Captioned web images
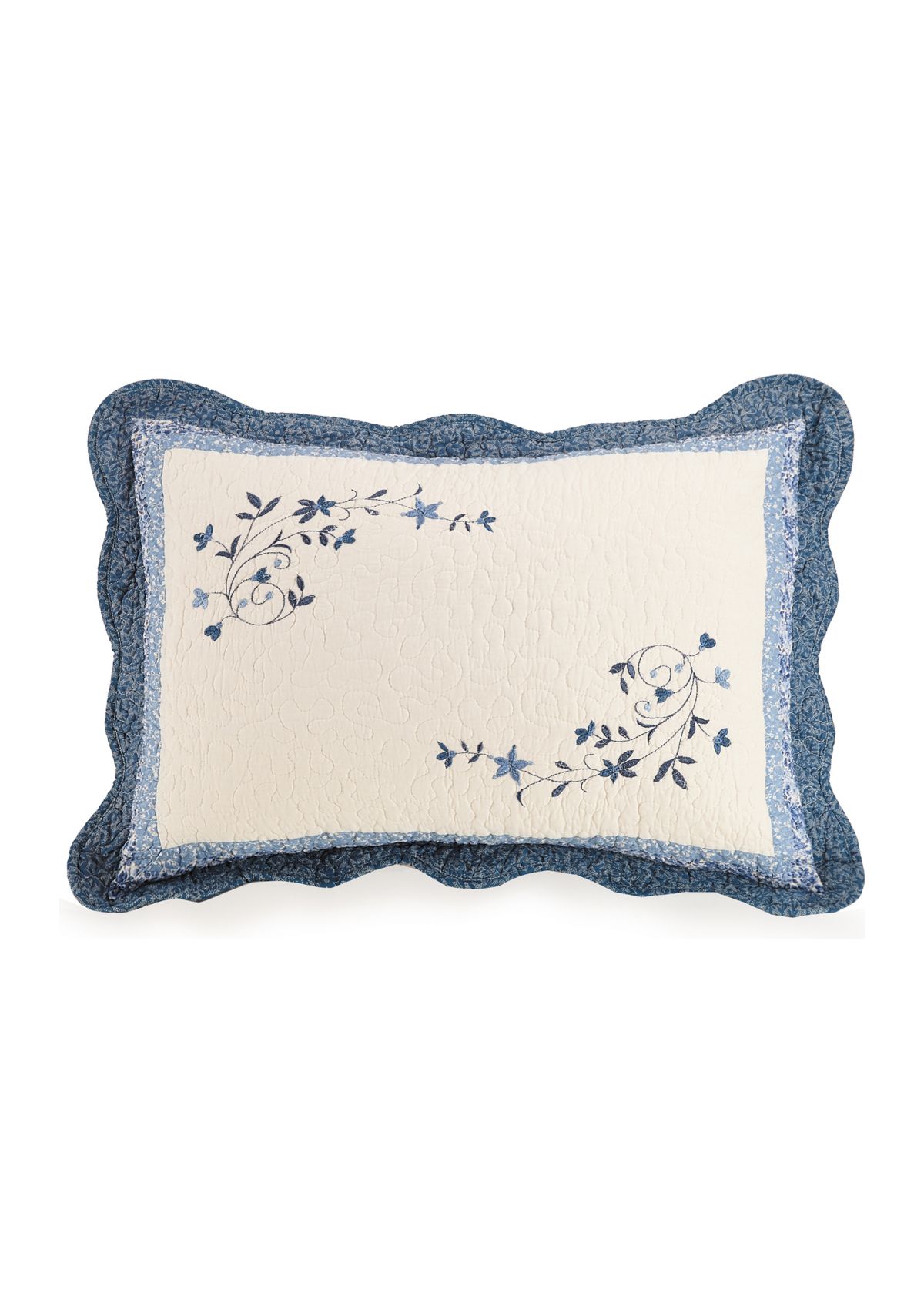 Charlotte Square Embroidered Decorative Pillow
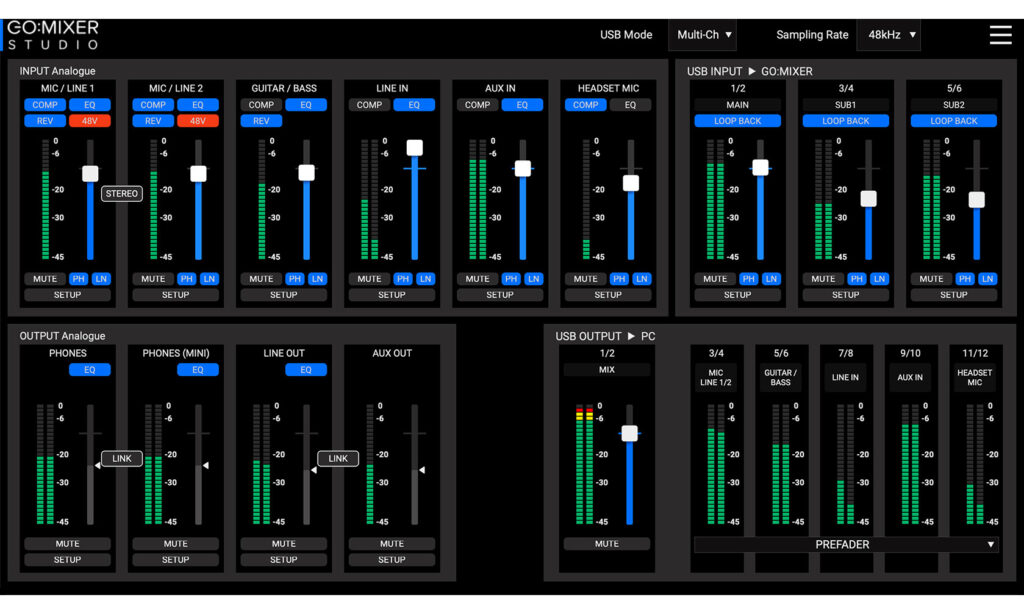 Roland Go:Mixer Studio Editor Software Mixer Screenshot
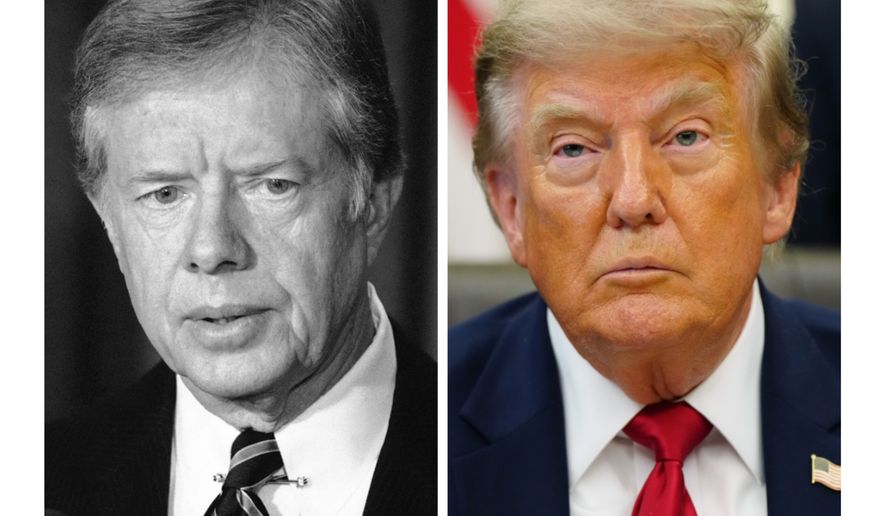 This combination of photos taken at the White House in Washington shows President Jimmy Carter, Nov. 3, 1980, left, and President Donald Trump, July 13, 2026. (AP Photo)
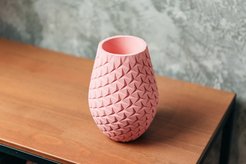Ваза декоративная из гипса Оригами 17см для сухих растений розовая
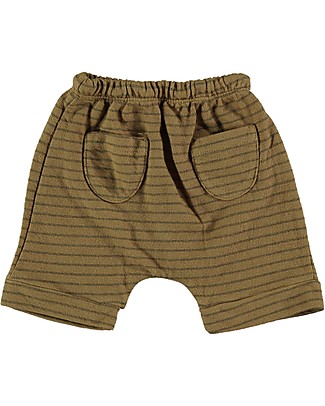 Bean's Barcelona Shorts a Righe Pier - Caramello - 100% Cotone Bio Pantaloni Corti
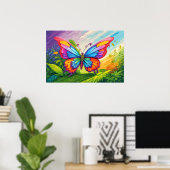 Poster Belle illustration de papillon artistique (Bureau à domicile)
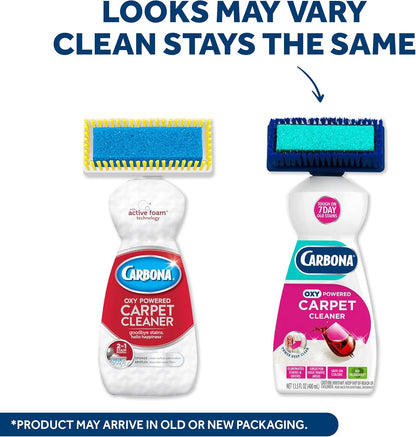 Carbona 2-in-1 Oxy-Powered Carpet Cleaner (13.5 Fl Oz), Spot Cleaner with Dual Sponge & Bristle Applicator for Targeted Cleaning, Fast Formula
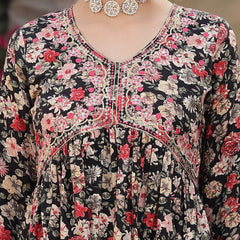 Stylum Women's Black Floral Printed & Embroidered Rayon Flared Kurta Palazzo Dupatta Set (KPDBLACKSWAN)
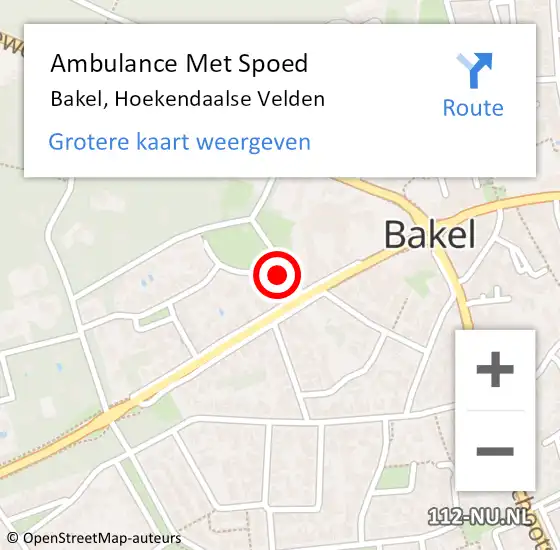 Locatie op kaart van de 112 melding: Ambulance Met Spoed Naar Bakel, Hoekendaalse Velden op 19 maart 2018 00:42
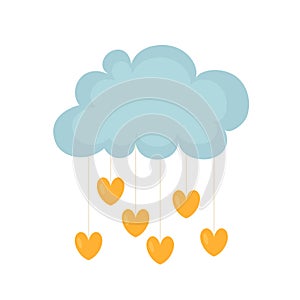 Vector illustration with cloud and hanging hearts.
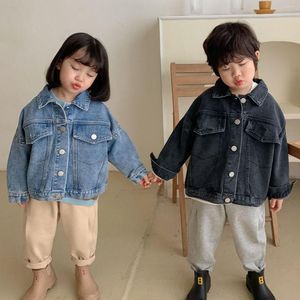 Jassen Kleine Kinderen Jongens Meisjes Denim Koreaanse Stijl Peuter Baby Bovenkleding Jas Lente Herfst Mode Jeans Jas Kinderen outfits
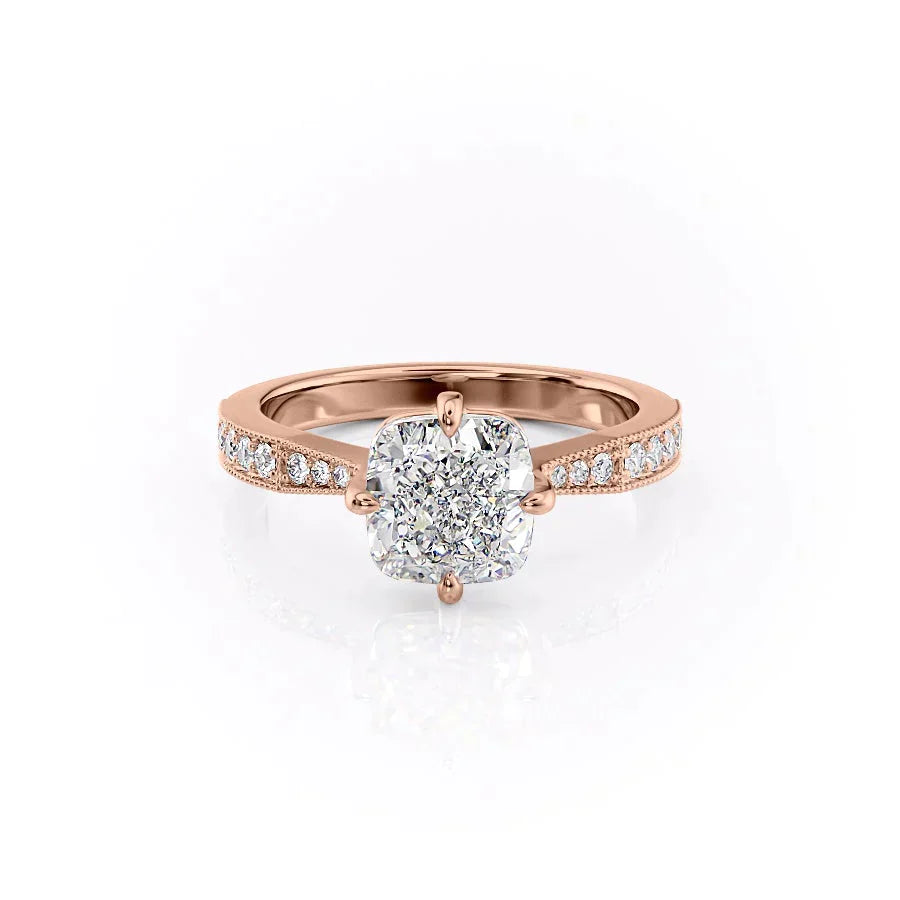 The Rebecca Set  With A 1.5 Carat Cushion 14K Rose Gold Moissanite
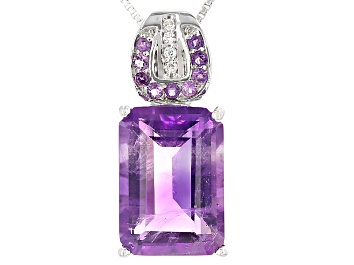 Picture of Purple Amethyst Sterling Silver Pendant With Chain 7.22ctw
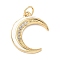 Brass Micro Pave Cubic Zirconia Pendants, Cadmium Free & Lead Free, with Enamel, Crescent Moon Charms, with Jump Ring, Real 18K Gold Plated, 21.5x18.5x3mm, Hole: 3mm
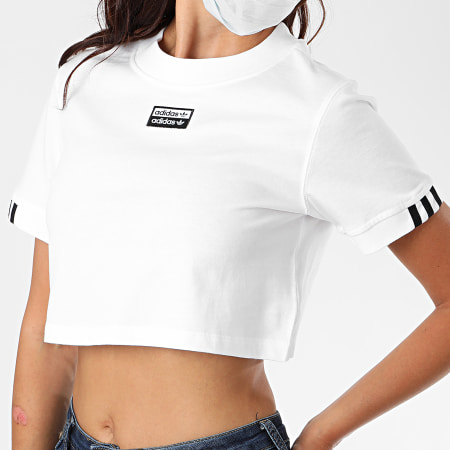 Adidas Originals - Tee Shirt Crop Femme FM2516 Blanc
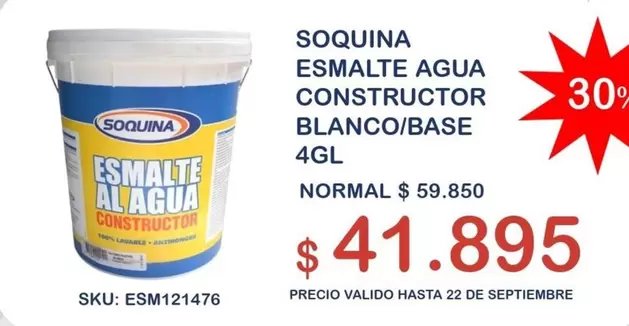 Soquina -  Esmalte Agua Constructor Blanco/base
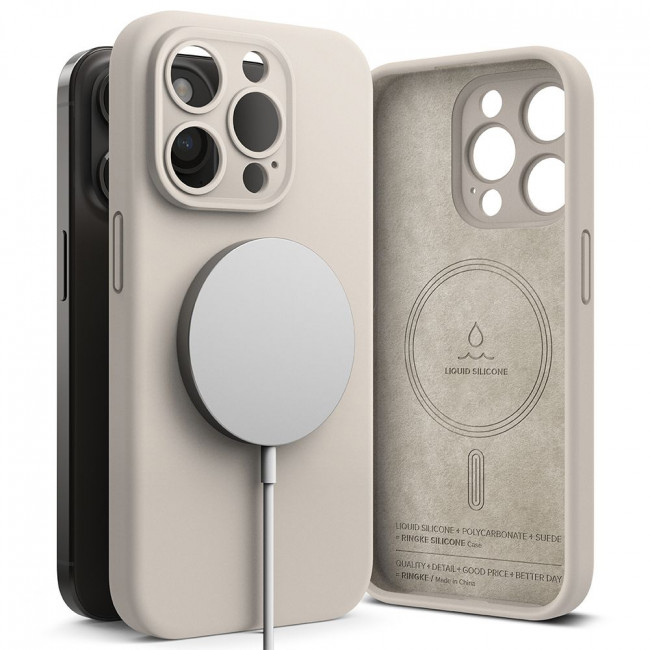 Ringke iPhone 15 Pro Max Silicone Magnetic MagSafe Case Θήκη Σιλικόνης με MagSafe - Stone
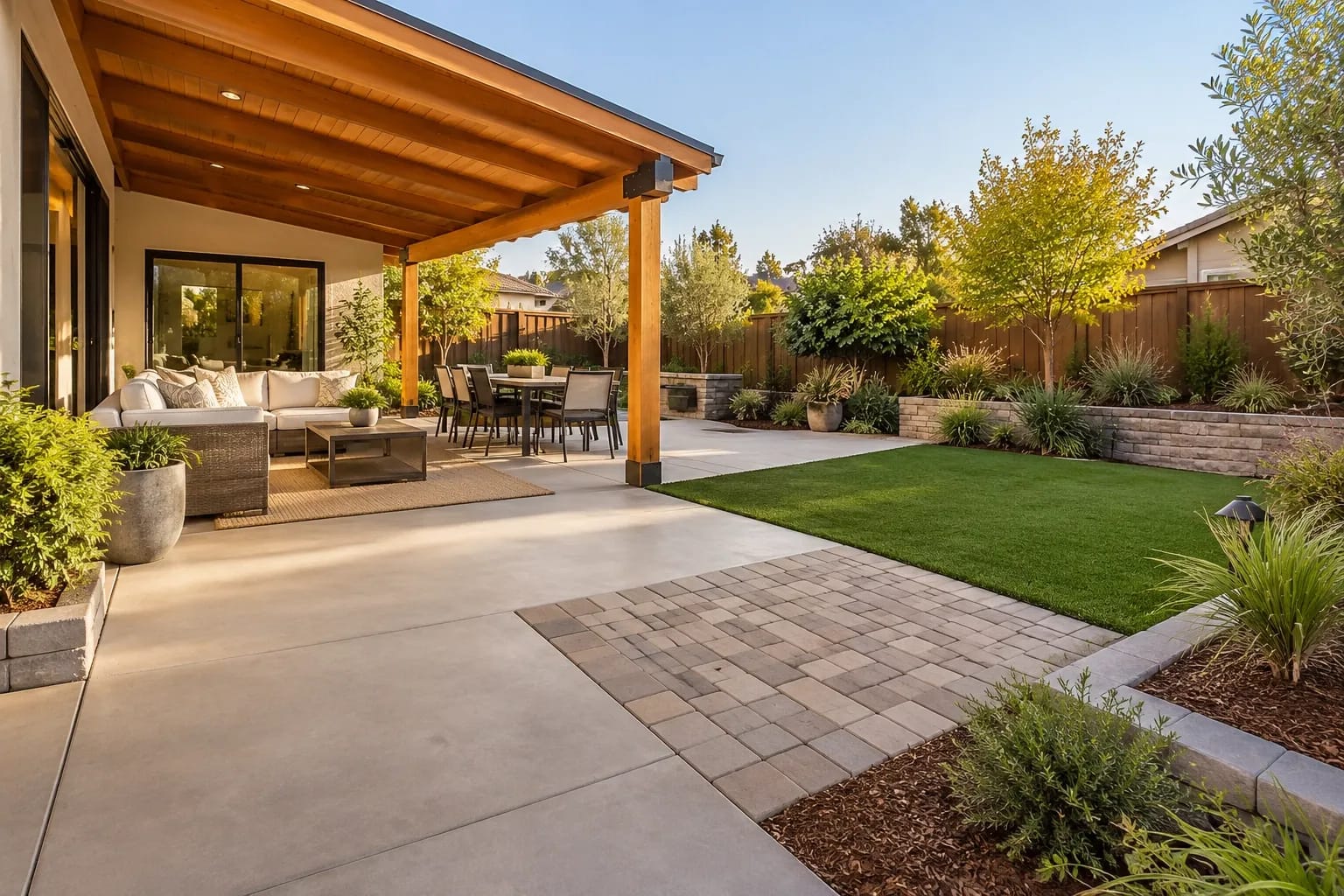 Backyard remodel featuring a concrete patio, pavers, natural landscaping, and a wood patio cover.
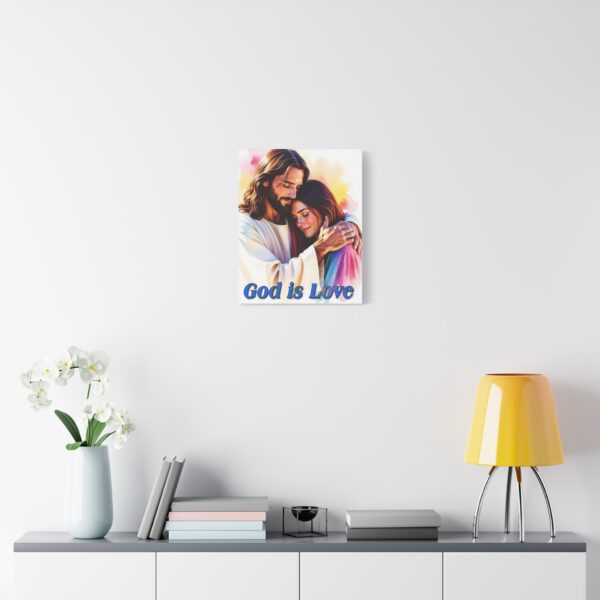 Inspirational Wall Art Canvas, "God is Love" Jesus hugging a young lady! Christian Home Decor, Uplifting Religious Gift, Faith-Based Artwork - Image 8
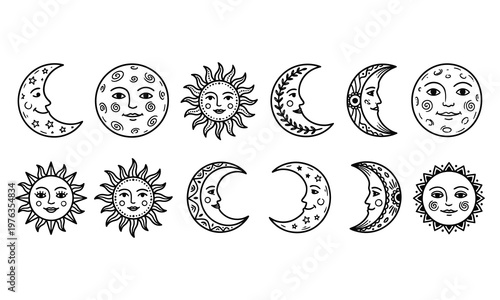 Sun and moon phases illustrated in a line art style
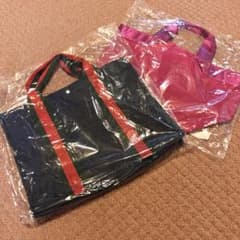 新品未使用 カバン2種 ボックストートバッグ ネイビー ハンドバッグ ピンク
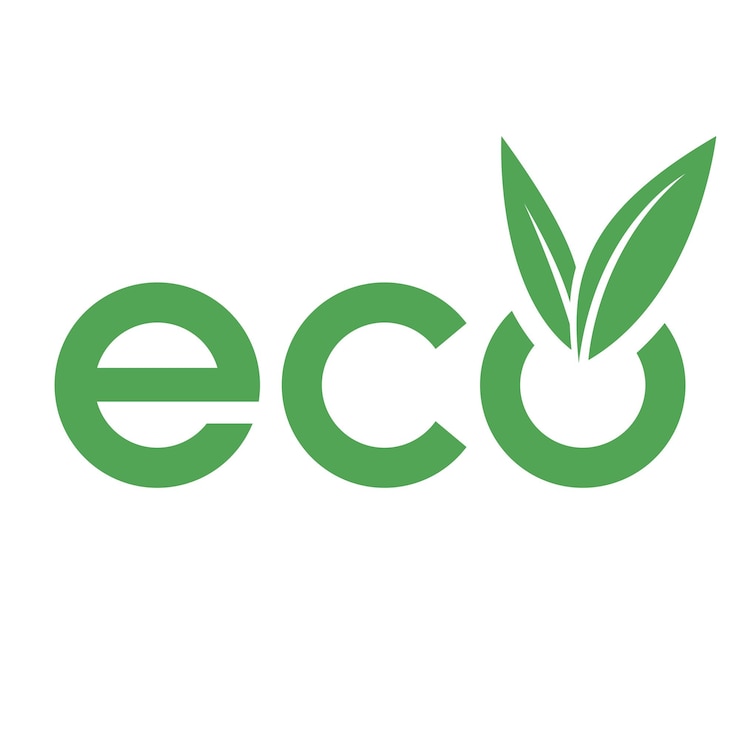 Vecteur icône eco avec lettres minuscules vertes et feuilles en forme de v sur fond blanc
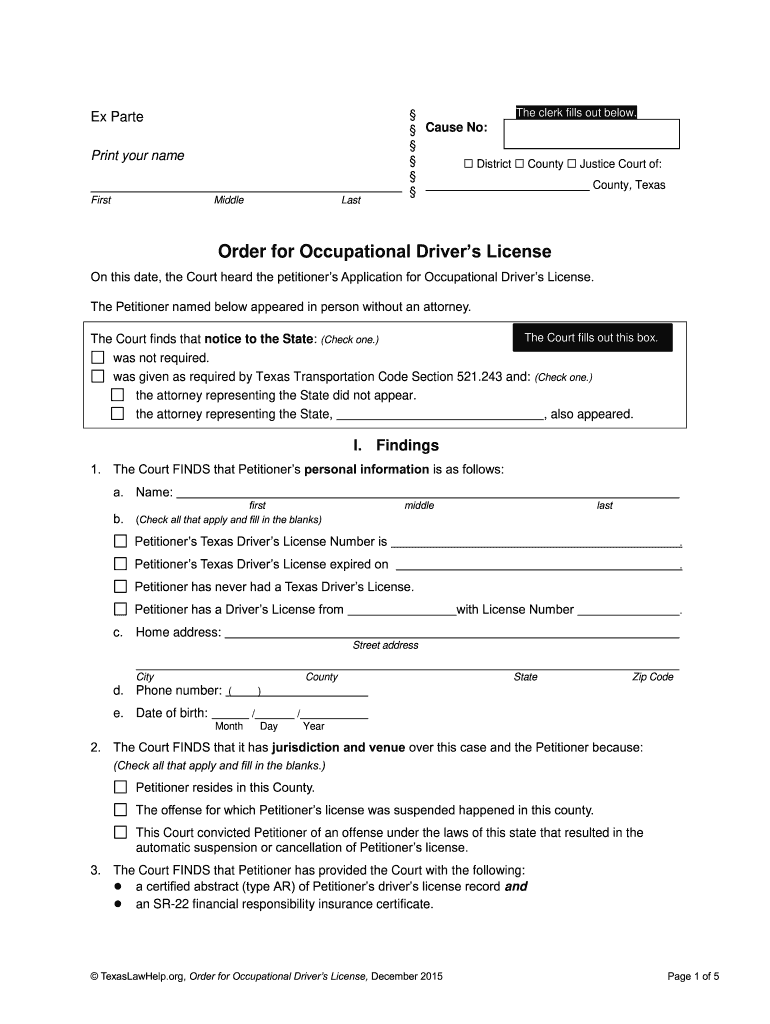 Occupational Driver's License Order  Texas Legal Forms  Texaslawhelp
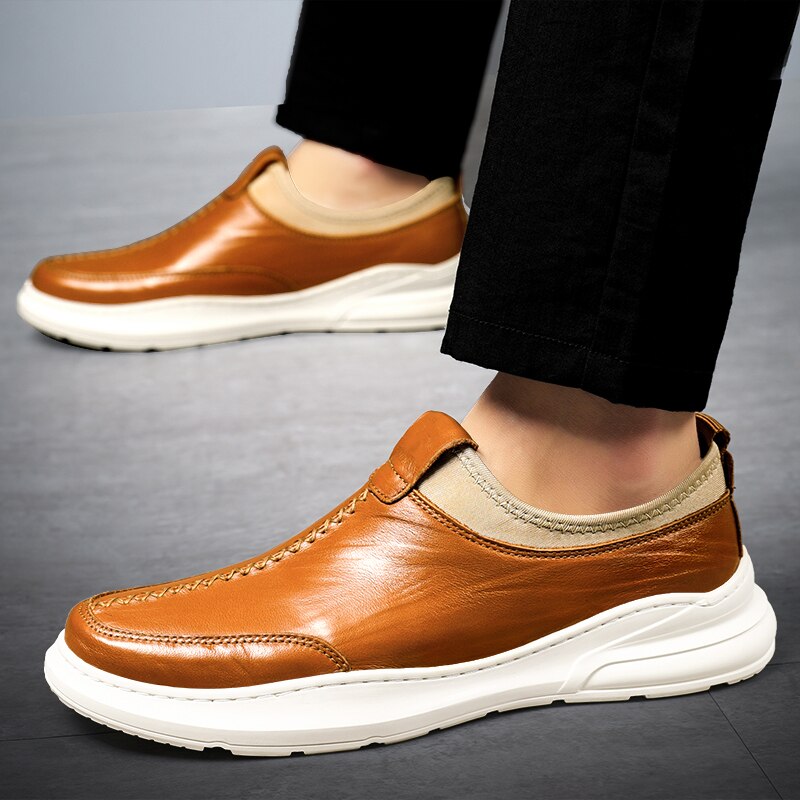 Advbridge men Loafers Genuine Leather Slip On Casual Men Shoes Brand Blue Loafers Man Mocasines Hombre Breathable Flats Male Footwear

◆ Work request
Go through the entries and retype each one exactly, skipping any image.

◆ Output for this task
 Charlotte Square Embroidered Decorative Pillow
 Roland Go:Mixer Studio Editor Software Mixer Screenshot
 This combination of photos taken at the White House in Washington shows President Jimmy Carter, Nov. 3, 1980, left, and President Donald Trump, July 13, 2026. (AP Photo)
Ваза декоративная из гипса Оригами 17см для сухих растений розовая
 Bean's Barcelona Shorts a Righe Pier - Caramello - 100% Cotone Bio Pantaloni Corti
 Poster Belle illustration de papillon artistique (Bureau à domicile)
 Carbona 2-in-1 Oxy-Powered Carpet Cleaner (13.5 Fl Oz), Spot Cleaner with Dual Sponge & Bristle Applicator for Targeted Cleaning, Fast Formula
 Stylum Women's Black Floral Printed & Embroidered Rayon Flared Kurta Palazzo Dupatta Set (KPDBLACKSWAN)
 Locatie op kaart van de 112 melding: Ambulance Met Spoed Naar Bakel, Hoekendaalse Velden op 19 maart 2018 00:42
 Vector illustration with cloud and hanging hearts.
 Jassen Kleine Kinderen Jongens Meisjes Denim Koreaanse Stijl Peuter Baby Bovenkleding Jas Lente Herfst Mode Jeans Jas Kinderen outfits
 The Rebecca Set  With A 1.5 Carat Cushion 14K Rose Gold Moissanite
 Picture of Purple Amethyst Sterling Silver Pendant With Chain 7.22ctw
 Brass Micro Pave Cubic Zirconia Pendants, Cadmium Free & Lead Free, with Enamel, Crescent Moon Charms, with Jump Ring, Real 18K Gold Plated, 21.5x18.5x3mm, Hole: 3mm
 Adidas Originals - Tee Shirt Crop Femme FM2516 Blanc
 Soquina -  Esmalte Agua Constructor Blanco/base
 Ringke iPhone 15 Pro Max Silicone Magnetic MagSafe Case Θήκη Σιλικόνης με MagSafe - Stone
 Backyard remodel featuring a concrete patio, pavers, natural landscaping, and a wood patio cover.
 Inspirational Wall Art Canvas, "God is Love" Jesus hugging a young lady! Christian Home Decor, Uplifting Religious Gift, Faith-Based Artwork - Image 8
 Sun and moon phases illustrated in a line art style
 新品未使用 カバン2種 ボックストートバッグ ネイビー ハンドバッグ ピンク
 Vecteur icône eco avec lettres minuscules vertes et feuilles en forme de v sur fond blanc
 Occupational Driver's License Order  Texas Legal Forms  Texaslawhelp
 Advbridge men Loafers Genuine Leather Slip On Casual Men Shoes Brand Blue Loafers Man Mocasines Hombre Breathable Flats Male Footwear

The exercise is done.